EXTRACTED RECORDS =

Content starts

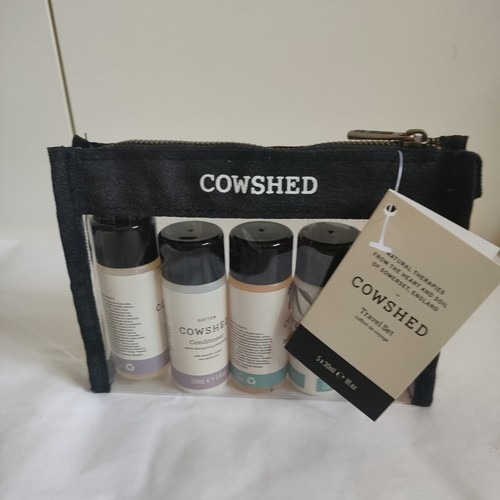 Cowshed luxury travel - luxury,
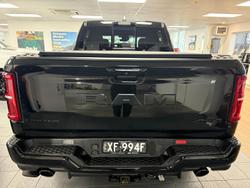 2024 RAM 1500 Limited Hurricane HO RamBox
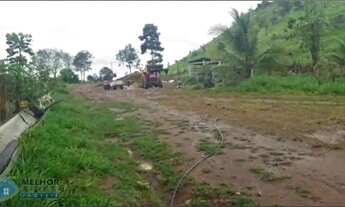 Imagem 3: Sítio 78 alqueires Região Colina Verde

Content ends
Content starts

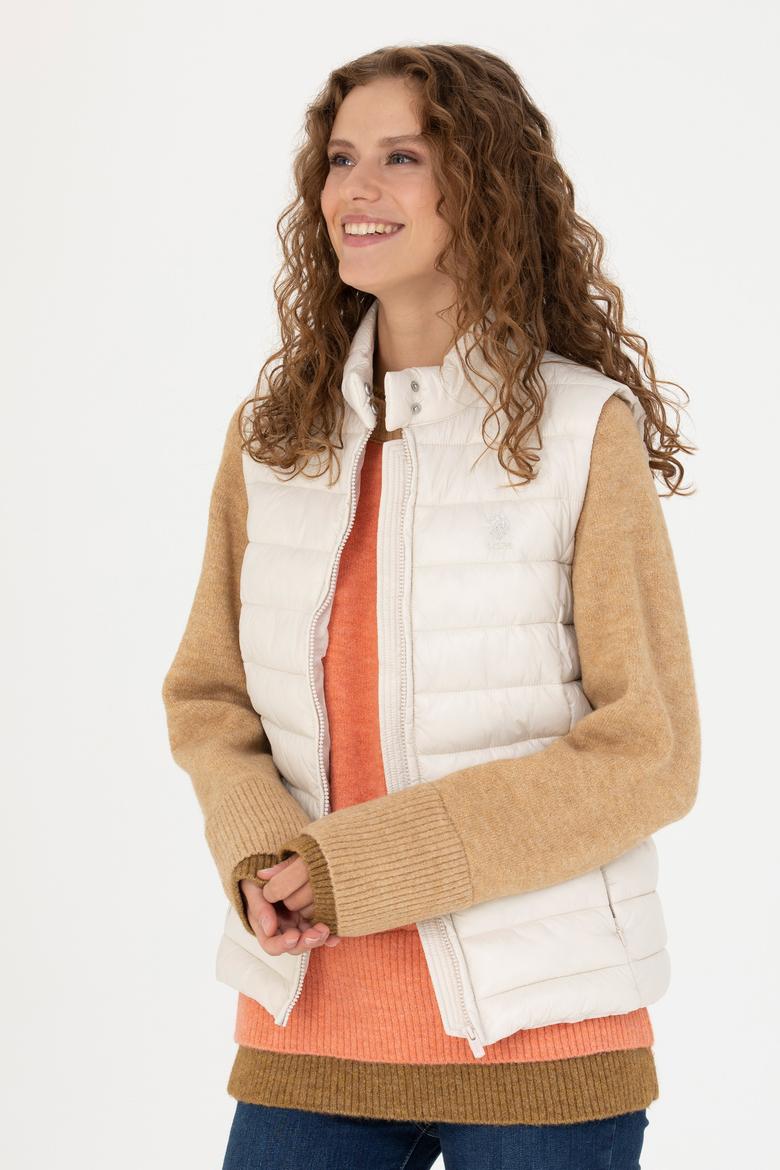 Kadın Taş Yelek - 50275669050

Content ends
Content starts

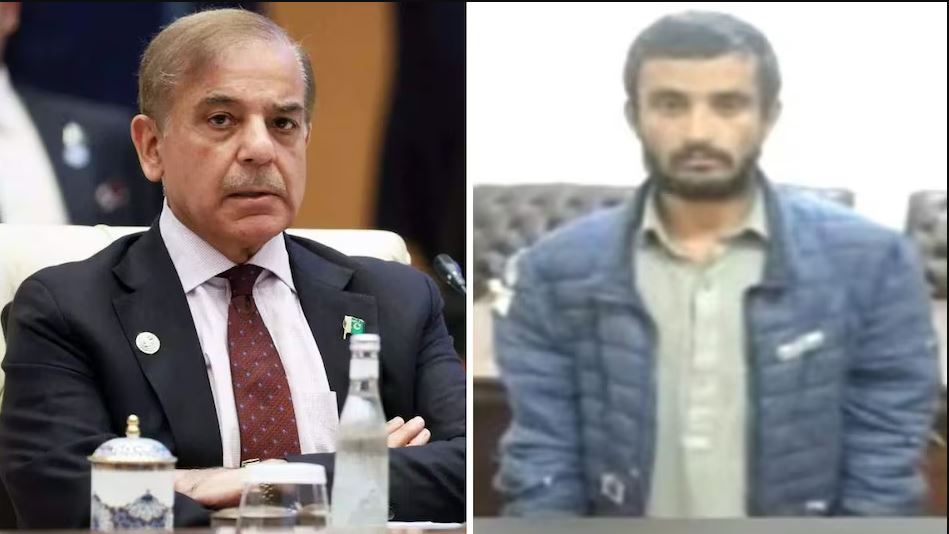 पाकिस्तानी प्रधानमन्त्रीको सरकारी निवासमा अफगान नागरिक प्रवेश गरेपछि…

Content ends

WHAT YOU WILL DO = Take only the lines above from the one that has "Cowshed luxury travel" through the one that has "Imagem 3: Sítio" and reproduce them exactly, omitting any pictures.

YOUR RESPONSE =
 Cowshed luxury travel - luxury,
 2024 RAM 1500 Limited Hurricane HO RamBox
 Imagem 3: Sítio 78 alqueires Região Colina Verde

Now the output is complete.